I guess the frustrating thing about all this is that 32bit x86 code generated for the Mac will have extra overhead that is clearly not necessary or even desired for other platforms, such as Windows or Linux. This is like requiring all my neighbors to keep my house clean. Sure, if your compiler is going to do some kind of global or profile guided optimization, you may want to do more stack manipulations through out the application. But that is a highly specialized and rare case, and AFAIK, the tools on the platform don’t do anything like that (GCC, ObjectiveC).

When we first found out about this requirement among the dearth of documentation on these low-level details (I’m sorry, but Apple’s overall OS documentation pales in comparison to Windows’ or even Linux’s. Mac fans, flame on ;-), I posed a question to Stack Overflow figuring that since there is such a wide range of experts out there, that surely a clearly satisfactory explanation would be available in short order. I was wrong. That question has been up there for over 9 months and I still get up-votes periodically.
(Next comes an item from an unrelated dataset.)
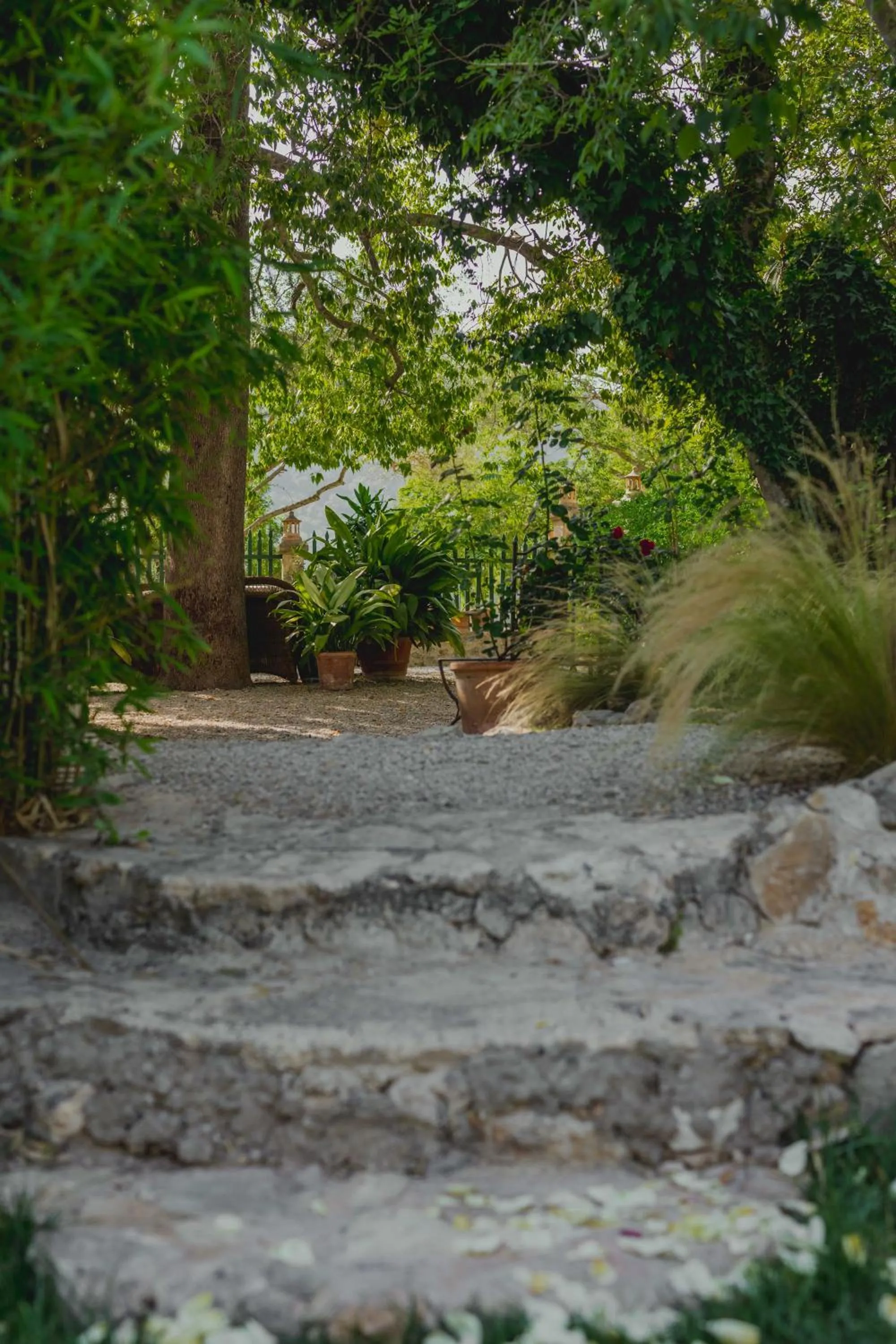 Spring in Agroturismo Son Boronat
Even though there is one answer I selected, it doesn’t seem that the Mac ABI even adheres to the Intel doc! "It is important to ensure that the stack frame is aligned to a 16-byte boundary upon function entry to keep local __m128 data, parameters, and XMM register spill locations aligned throughout a function invocation." It says, “upon function entry” yet this isn’t the case. The Mac ABI requires the alignment to be aligned at the call site, and not on function entry! Remember that the CALL instruction will automatically push the return address onto the stack, which for x86-32 is a 32bit (DWORD) sized. Why isn’t the stack merely prepared to be aligned at the call site so that when the return address is pushed, the stack is now aligned. This would mean that ESP would be $xxxxxxx4 at the call site and $xxxxxxx0 upon entry. It is also possible interpret this statement that the function prologue code is what is responsible for doing this alignment, and not necessarily the caller. This would clearly jive with the title of this post.
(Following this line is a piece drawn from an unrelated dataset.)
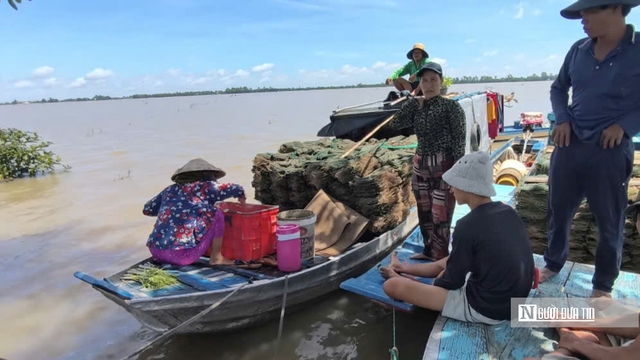 Lênh đênh giữa lộc trời con nước nổi - Ảnh 4.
So there you have, a long rambling diatribe. Why does this even matter if the compiler just handles it? Because we’re having to go through all our optimized, hand coded assembly code and make sure it keeps the stack properly aligned. It also means that for all our customers out there that also like to dabble in hand coding assembler will need to now take this into account. This coupled with the re-emergence of Position Independent Code (PIC), we’re having a jolly old time… Let the ensuing discussion begin… I’m really interested in knowing the actual reasons for this requirement… I mean could the really smart OS and Tools folks at Apple gotten this all wrong? I really have a hard time believing that because you’d think that someone would have caught it. Yet, seemingly obvious software bugs sneak out all the time (yeah, yeah, we’re just as guilty here, you got me on that one!).

Pre-emptive snarky comment: Well, if you had a compiler that did better optimizations you wouldn’t have these problems! Thank you, Captain Oblivious! Our code generator is a trade-off between decent optimizations and very fast codegen. We only do the biggest-bang-for-the-buck optimizations. We’ve even added some optimizations in recent history, like function inlining.
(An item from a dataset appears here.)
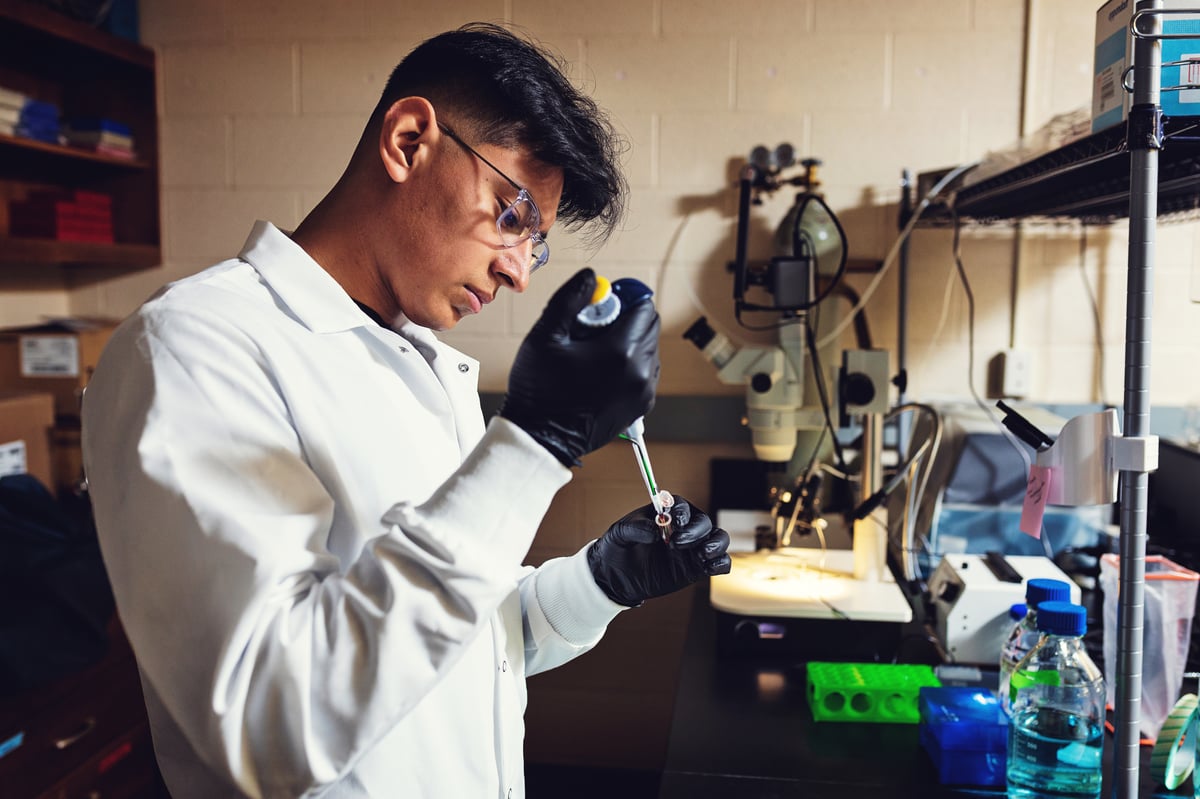 Male student in biology lab conducting an experiment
*ABI – Application Binary Interface. This is different from an API (Application Programming Interface), which only defines the programming model of a group of provided functions. An ABI defines the raw mechanics of how an API is implemented. An API may define a calling convention that is used, whereas the ABI defines exactly how that convention is to actually work. This includes things like how and where are the parameters actually passed to the function. It also defines which CPU registers must be preserved, which ones are considered “working” registers and can be overwritten, and so on.